3 limitations of this are it’s potential for deadlock, limited granularity and potential performance overhead.
Give an example of a commercial distributed system
Amazon’s Web Services.
(Cloud computing)
Provide two examples of system desgins for distributed systems
Client-Server Architecture and Peer-to-Peer architecture
What is Client-Server architecture?
The client sends requests to the server, the server processes these requests and sends responses to the client.
Limitation: latency issues if the server goes down
This is a centralized system
What is Peer-to-Peer architecture?
All nodes act as both clients and servers and they communicate with eachother directly.
Provides a more decentralized
and fault-tolerant system.
What is a centralized system?
One where all nodes in the network communicate with a central coordinator node. E.g. Client-Server architecture.
What is a decentralized system?
One where all nodes communicate directly with eachother with no central node.
E.g. Peer-to-Peer architecture, Blockchain
What is Safety in concurrent programming?
The property that guarantees that no matter how the concurrent system processes thread interleave, certain aspects of the system will always hold.
e.g.

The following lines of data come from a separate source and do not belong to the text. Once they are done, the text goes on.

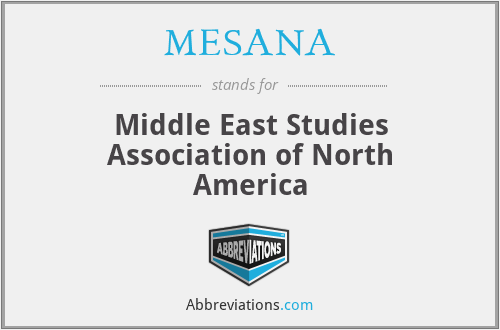 MESANA - Middle East Studies Association of North America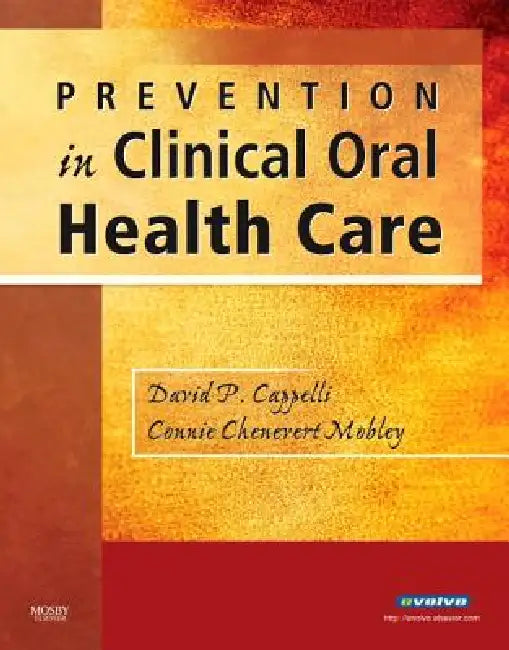 Prevention in Clinical Oral Health Care (English, David P. Cappelli | Connie Chenevert Mobley)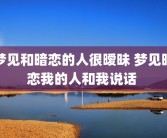 梦见和暗恋的人很暧昧 梦见暗恋我的人和我说话 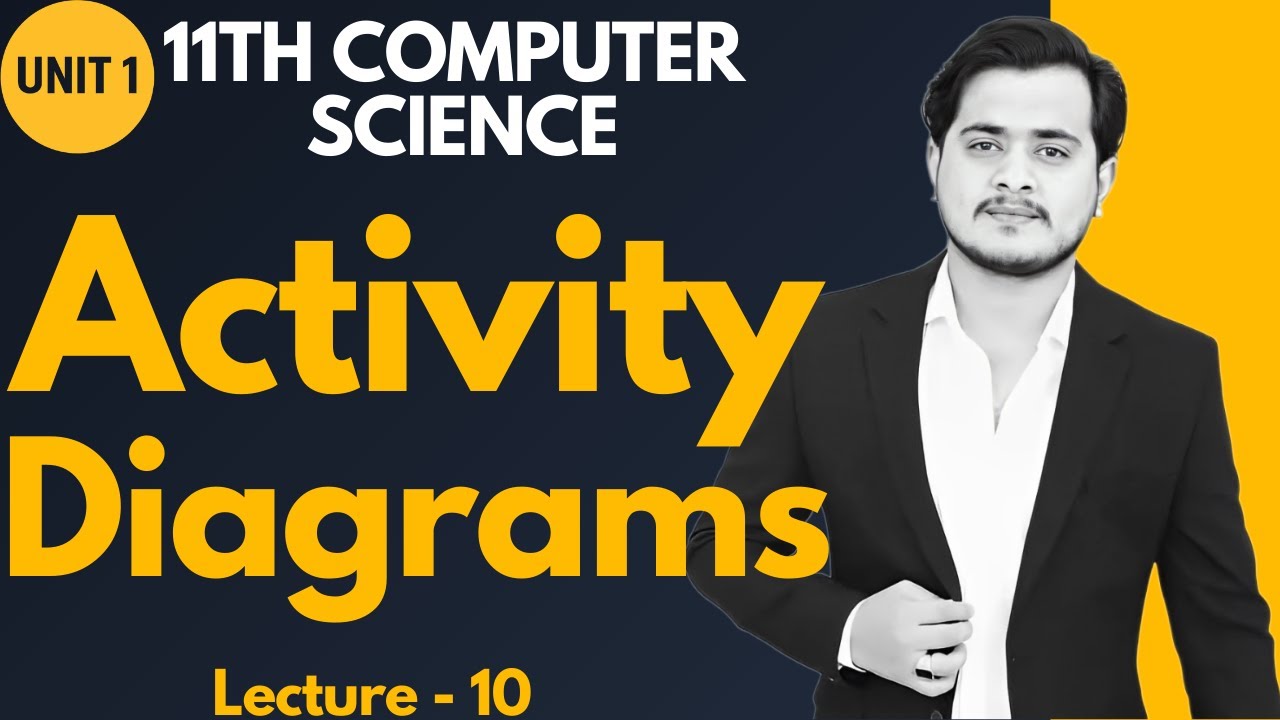 Activity Diagrams | UML Diagrams | 11th Computer - Chapter 1 - Lec 10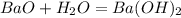 BaO+ H_{2}O=Ba(OH) _{2}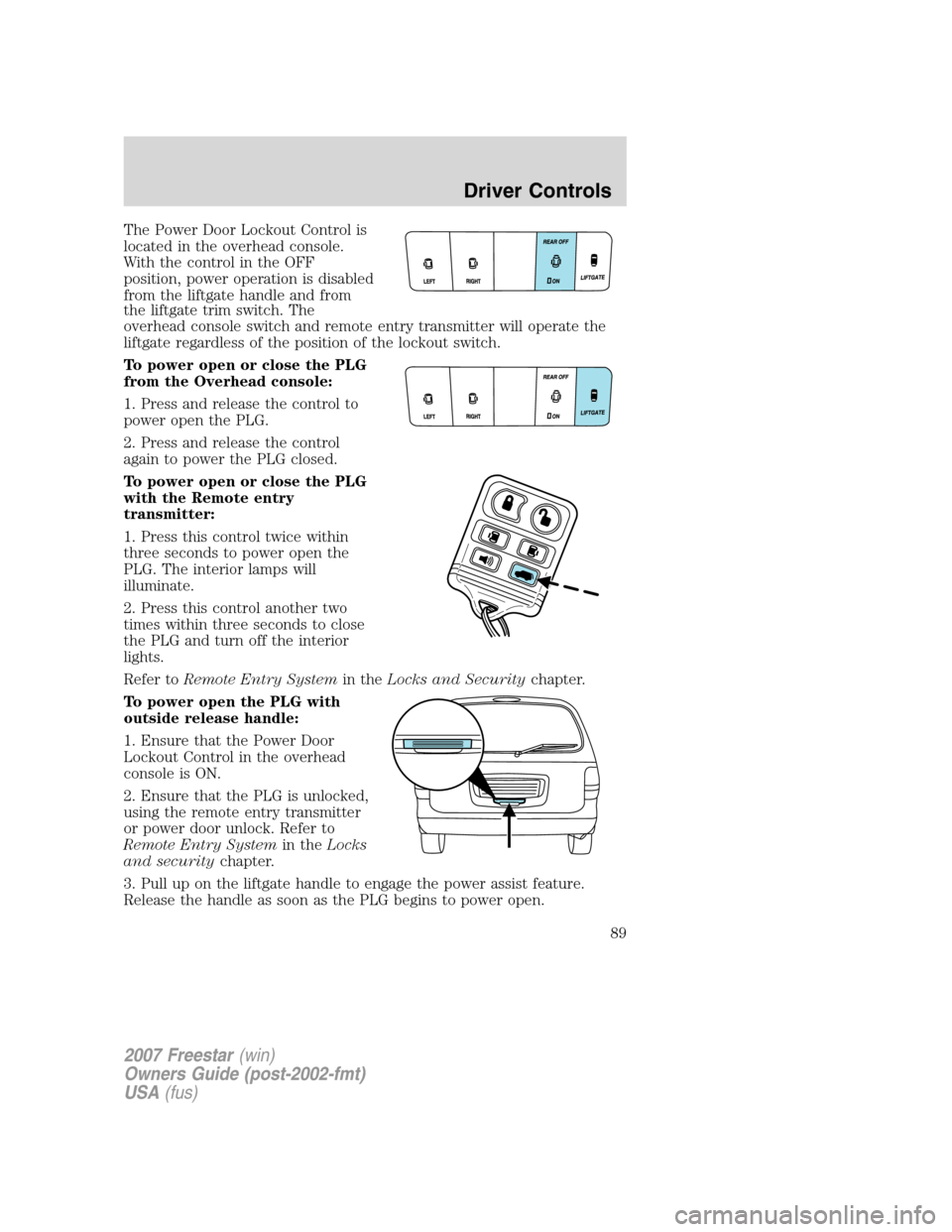 FORD FREESTAR 2007 1.G Manual Online The Power Door Lockout Control is
located in the overhead console.
With the control in the OFF
position, power operation is disabled
from the liftgate handle and from
the liftgate trim switch. The
ove FORD FREESTAR 2007 1.G Manual Online The Power Door Lockout Control is
located in the overhead console.
With the control in the OFF
position, power operation is disabled
from the liftgate handle and from
the liftgate trim switch. The
ove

If two owners of bank account attempt to withdraw funds simultaneously, there’s no danger of the system messing up and giving the user’s more than what the account has available.
What is liveness in a concurrent system?
The property that guarantees that some desirable behavior will eventually happen.
e.g. all incoming requests to a web server should be eventually processed and responded no matter what.
What is Dekker’s Algorithm?
A mutual exclusion algorithm.
It uses flags to signal that a thread wants to enter a critical section.
it also uses a turn variable to indicate whether it is the threads turn to enter the critical section.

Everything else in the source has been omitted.